Penyaluran bantuan dapat dilakukan melalui Panitia Pembangunan MASJID AL FALAH atau menghubungi nomor telepon 081327079419 Insya Allah, dengan doa restu dan bantuan Bapak, Ibu, Saudara sekalian, kami yakin rencana pembangunan MASJID “AL FALAH” segera terwujud. Partisipasi dan bantuan Bapak, Ibu dan Saudara, semoga menjadi amal shaleh disisi Allah SWT dan mendapat pahala yang berlipat ganda, dan dimudahkan segala urusannya serta diberkahi, amien ya robbal ‘alamin.

“Tidak akan pernah berkurang sedikitpun harta yang disedekahkan, kecuali ia bertambah.... bertambah ... bertambah .....” (HR : At Tirmidzi)

“Barang siapa yang memberi pinjaman kepada Allah, dengan pinjaman yang baik, maka Allah akan melipat gandakan balasannya dan baginya pahala yang mulia” (QS. Al Hadiid : 11)

“Kamu akan memperoleh kebajikan (yang sempurna) sehingga kamu menafkahkan sebagian harta yang kamu cintai” (QS. Ali Imron : 92)

“Dan Allah senantiasa memberi pertolongan kepada hambanya selama ia menolong saudaranya” (HR. Muslim)
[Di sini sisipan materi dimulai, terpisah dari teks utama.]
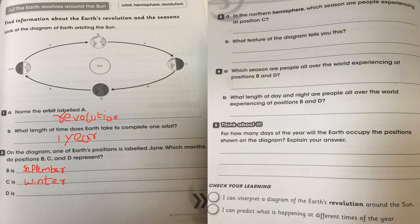After September, October, November, December, then January, February, and then March - so D is March. The rule is: after every quarter of the circle, you add two months. Add two months to June and you get September; add two months to September and you get December; add two months to December and you get March.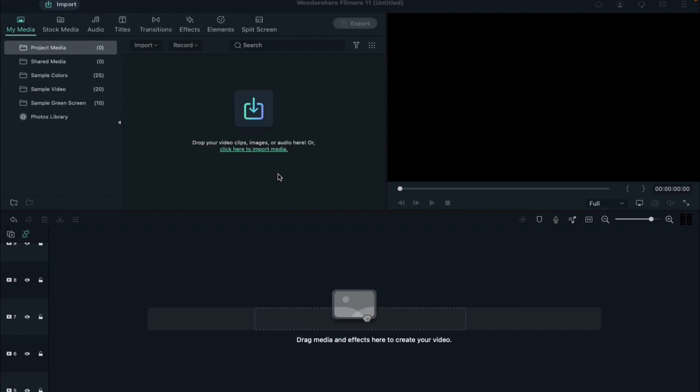Hey guys, Abhishek here. Today in this video I'll show you how to make a fire explode logo intro in Filmora 11. So first let's see what we are going to create today.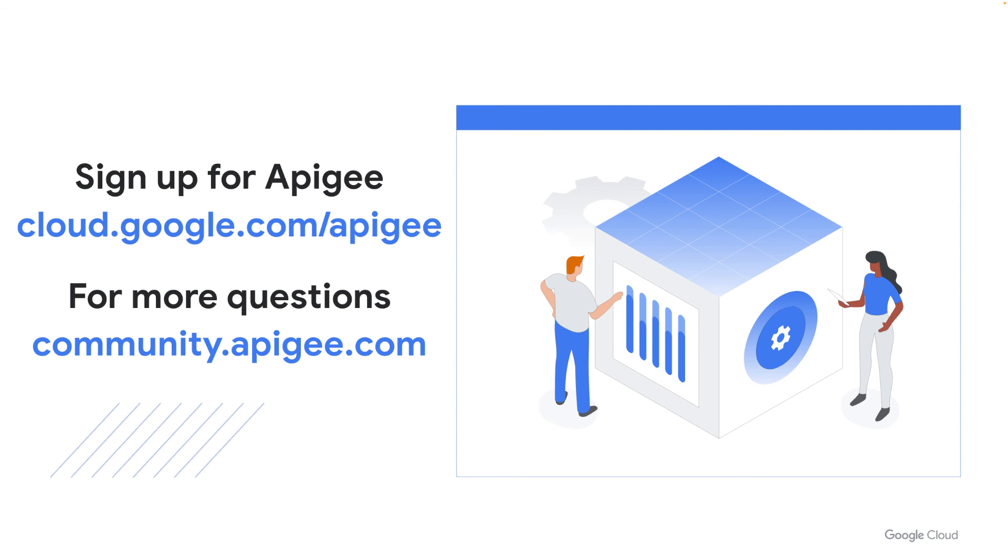We hope you found this sample useful and if you enjoyed the video, please hit the like button below. You can also subscribe to our channel to see more videos in the Apigee Accelerator series. If you have questions, please post them on the Apigee community. Thanks for watching.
“Barang siapa meminjami Allah dengan pinjaman yang baik maka Allah melipat gandakan ganti kepadamu dengan banyak dan Allah melapangkan rejeki-mu” (QS. Al Baqarah : 245)


Semangat gotong royong warga


   Pembiayaan
Kegiatan rehab MASJID ini diperkirakan menghabiskan dana sebesar Rp. 458.115.000 (Empat ratus lima puluh delapan juta seratus lima belas ribu rupiah) sedangkan yang telah dilaksanakan pada tahap ke I, dengan biaya swadaya murni masyarakat  telah menghabiskan dana Rp. 110.000.000,- (Seratus Sepuluh Juta Rupiah) sedangkan kekurangannya yang akan dilaksanakan pada tahap ke II adalah Rp 348.115.000 (Tiga ratus empat puluh delapan juta seratus lima belas ribu rupiah). 
Kegiatan pembangunan MASJID AL FALAH dilaksanakan oleh panitia yang dibentuk bersama oleh warga masyarakat, Perangkat Desa dan ta’mir Masjid.
           Besar harapan kami bagi semua pihak yang berkenan membantu untuk mensukseskan kegiatan tersebut. Atas dukungan do’a restu dan bantuan material diucapkan banyak terima kasih.